For this value of $\alpha$, use a linear regression to get the best values of parameters $A( \alpha)$, $B( \alpha)$, $d( \alpha)$ and compute the sum of square of residuals. You will find, by trial and error, a zone where $SSQ( \alpha)$ is minimum. Fo this value $\alpha_*$, go back $$A(\alpha_*)=a \cos(\beta)\qquad B(\alpha_*)=a \sin(\beta)\qquad \implies\qquad a\qquad \text{and} \qquad\beta$$ which themselves lead to $b$ and $c$.

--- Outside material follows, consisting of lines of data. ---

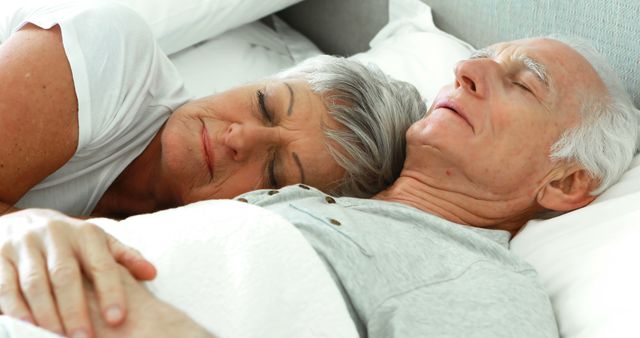 Senior man and woman peacefully sleeping together in bed, symbolizing comfort, love, and relaxation. This image can be used to promote healthy aging, retirement living, or sleep-related products and services.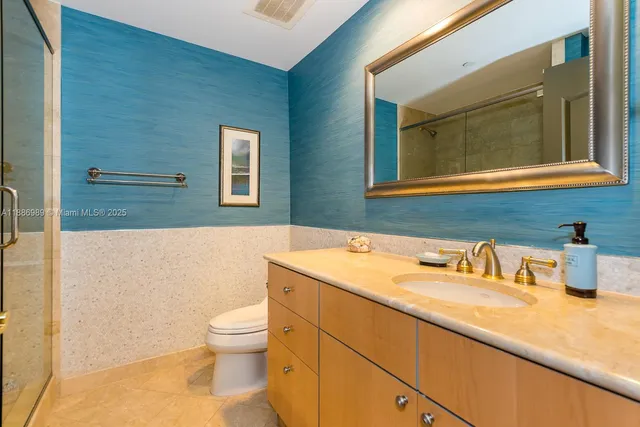 a bathroom with a toilet sink and mirror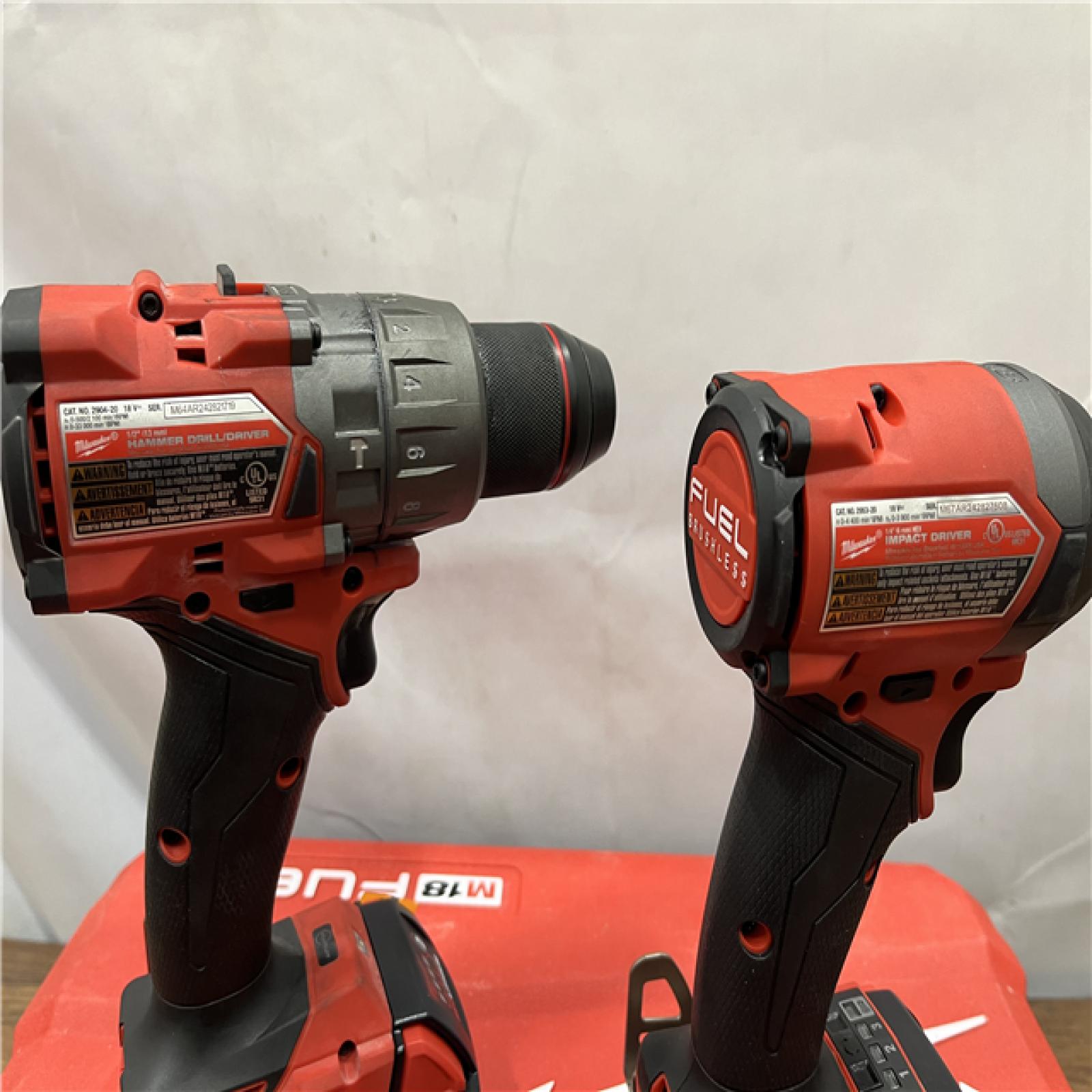 AS-IS Milwaukee M18 FUEL 18V Lithium-Ion Brushless Cordless Hammer Drill and Impact Driver Combo Kit (2-Tool) with 2 Batteries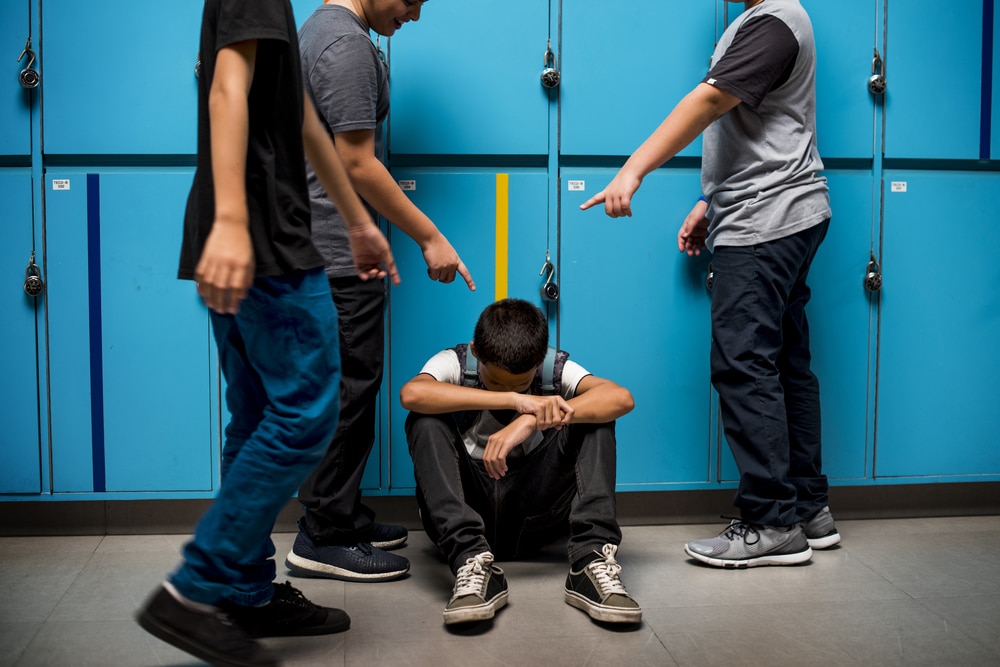 Lehrlingsportal.at Ein sitzender Schüler mit gesenktem Kopf ist vor blauen Schließfächern von drei stehenden Mitschülern umgeben, die auf ihn zeigen.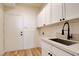 Convenient laundry room with a deep sink, modern faucet, and ample storage at 8080 Black Orchid Ave, Las Vegas, NV 89131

For illustration purposes, I used the following (synthetic) data set $$\left( \begin{array}{cc} x & f(x) \\ 0.0 & -11.47 \\ 0.5 & -15.62 \\ 1.0 & -18.19 \\ 1.5 & -19.17 \\ 2.0 & -18.02 \\ 2.5 & -15.30 \\ 3.0 & -11.06 \\ 3.5 & -6.34 \\ 4.0 & -1.50 \\ 4.5 & +2.33 \\ 5.0 & +4.92 \\ 5.5 & +5.49 \\ 6.0 & +4.33 \end{array} \right)$$ Below are reported the results of the linear regressions for different values of $\alpha$ $$\left( \begin{array}{cc} \alpha & \\ 0.1 & \{145.375,\{A\to -7.60697,B\to -174.895,d\to 158.722\}\} \\ 0.2 & \{135.708,\{A\to -5.44567,B\to -48.7632,d\to 32.6894\}\} \\ 0.3 & \{119.635,\{A\to -5.52408,B\to -25.2303,d\to 9.34186\}\} \\ 0.4 & \{97.4249,\{A\to -6.2399,B\to -16.7424,d\to 1.16049\}\} \\ 0.5 & \{69.9893,\{A\to -7.29279,B\to -12.459,d\to -2.63686\}\} \\ 0.6 & \{39.7696,\{A\to -8.58334,B\to -9.62791,d\to -4.7105\}\} \\ 0.7 & \{12.4717,\{A\to -10.0273,B\to -7.20268,d\to -5.97143\}\} \\ 0.8 & \{\color{red}{0.0564199},\{A\to -11.4518,B\to -4.6306,d\to -6.79914\}\} \\ 0.9 & \{24.2511,\{A\to -12.4754,B\to -1.59026,d\to -7.37301\}\} \\ 1.0 & \{115.154,\{A\to -12.4273,B\to 1.90681,d\to -7.78404\}\} \end{array} \right)$$
Using $\alpha_*=0.8$, we get $a=12.3526$, $d=−6.79914$ and $\beta=-2.75734$ and then $b=7.85398$ and $c=3.44668$. Using these numbers, the reults of the nonlinear regression are $$\begin{array}{clclclclc} \text{} & \text{Estimate} & \text{Standard Error} & \text{Confidence Interval} \\ a & 12.346 & 0.0234427 & \{12.2919,12.4001\} \\ b & 7.89158 & 0.0148157 & \{7.85741,7.92574\} \\ c & 3.45132 & 0.003368 & \{3.44355,3.45909\} \\ d & -6.77303 & 0.0209294 & \{-6.82129,-6.72477\} \\ \end{array}$$ As you can notice, the final parameters are quite close to the guesses. Comparing data and prediction $$\left( \begin{array}{ccc} x & f(x) & \text{prediction} \\ 0.0 & -11.47 & -11.509 \\ 0.5 & -15.62 & -15.558 \\ 1.0 & -18.19 & -18.234 \\ 1.5 & -19.17 & -19.117 \\ 2.0 & -18.02 & -18.070 \\ 2.5 & -15.30 & -15.255 \\ 3.0 & -11.06 & -11.115 \\ 3.5 & -6.34 & -6.2947 \\ 4.0 & -1.50 & -1.5496 \\ 4.5 & +2.33 & +2.3786 \\ 5.0 & +4.92 & +4.8754 \\ 5.5 & +5.49 & +5.5505 \\ 6.0 & +4.33 & +4.2982 \end{array} \right)$$
Update
Using the data you posted in your edit $$\left( \begin{array}{cc} x & f(x) \\ 1 & 3.42 \\ 2 & 0.73 \\ 3 & 0.12 \\ 4 & 2.16 \\ 5 & 4.97 \\ 6 & 5.97 \end{array} \right)$$ applying the procedure given in my edit, we obtain $$\begin{array}{clclclclc} \text{} & \text{Estimate} & \text{Standard Error} & \text{Confidence Interval} \\ a & 3.00141 & 0.00178404 & \{2.97874,3.02408\} \\ b & 6.28596 & 0.00321329 & \{6.24513,6.32679\} \\ c & 4.28388 & 0.00094226 & \{4.27190,4.29585\} \\ d & 2.99993 & 0.00174274 & \{2.97779,3.02207\} \\ \end{array}$$ Comparing data and prediction $$\left( \begin{array}{ccc} x & f(x) & \text{prediction} \\ 1 & 3.42 &3.42124\\ 2 & 0.73 &0.72783\\ 3 & 0.12 &0.12170\\ 4 & 2.16 &2.15966\\ 5 & 4.97 &4.96954\\ 6 & 5.97 &5.97003 \end{array} \right)$$ Your very simplified procedure leads to very different results.